Senior Technical Officer, Vaccine and Pharmaceutical Technologies

PATH, Seattle or Washington DC, United States

Skill Required:, Research and Analysis
Preferred Experience: 
Above 10 Years
Closing Date for Applications: 
20th February, 2015


Job Description

Responsibilities

PATH’s Vaccine and Pharmaceutical Technologies (VPT) Group advances novel formulation, delivery, and cold chain technologies to serve the unmet medical needs of people in developing countries.
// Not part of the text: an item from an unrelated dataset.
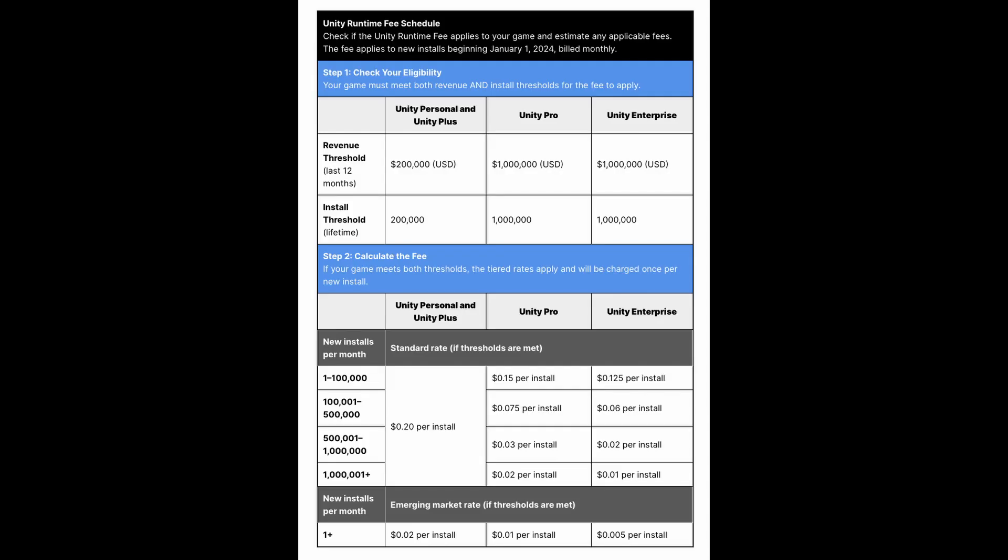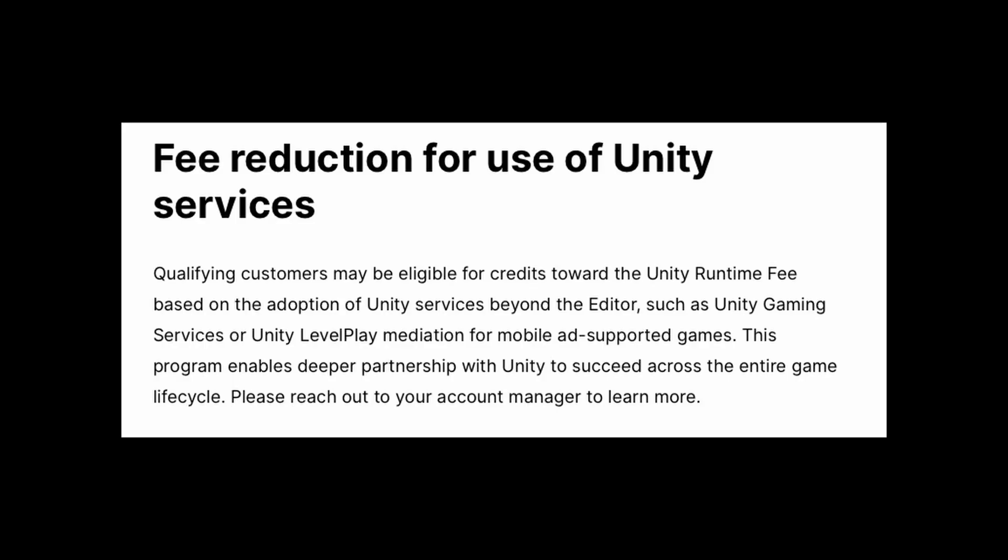With that being said, I don't even feel it's productive to discuss the pricing table, or the fact that if you use certain services you can negotiate the runtime fee. The fact that this negotiation is already communicated by Unity means that they know that this deal they are proposing is already bad out of the box.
The VPT Group is recruiting an experienced scientist to lead vaccine formulation projects through internal research and external collaborations.  Duties and responsibilities include:

  •  
  • Provide scientific leadership and coordinate technical scopes of work for internal teams, ensuring achievement of project deliverables, production of quality data, compliance with internal and external regulations, adherence to established timelines, and availability of resources for projects.
  • Effectively and proactively manage and communicate progresses, risks, challenges, and possible delays of the project activities to portfolio leader and other stakeholders.
  • Lead technology transfer activities to commercial partners.
  • Collaborate with vaccine development project teams at PATH.
  • Serve as a technical liaison with external stakeholders.
  • Serve as a performance leader and mentor for junior scientists.
  • Prepare technical reports, journal articles, proposals, briefing documents, and presentations on relevant topics.

Required Skills

  • Effective time-management and organizational skills.
  • Demonstrated team leadership and project management skills.
  • Excellent communication skills in English, both writing and speaking.
  • Strong interpersonal skills, particularly motivational, listening, judgment, and analytic skills.

Required Experience

  • Advanced degree (MD, Ph.D.) in biological, analytical, or chemical sciences, with at least 10 years of industrial experience in research and development of vaccines or other biological products.  Expert-knowledge and working experience in adjuvants, liquid, and lyophilized formulation development. Working experience in process development and scaling-up, analytical and biological assays (ELISA, tissue culture, virus titration, bacterial titration), and formal stability studies desired   
  • Must have legal authorization to work in the United States.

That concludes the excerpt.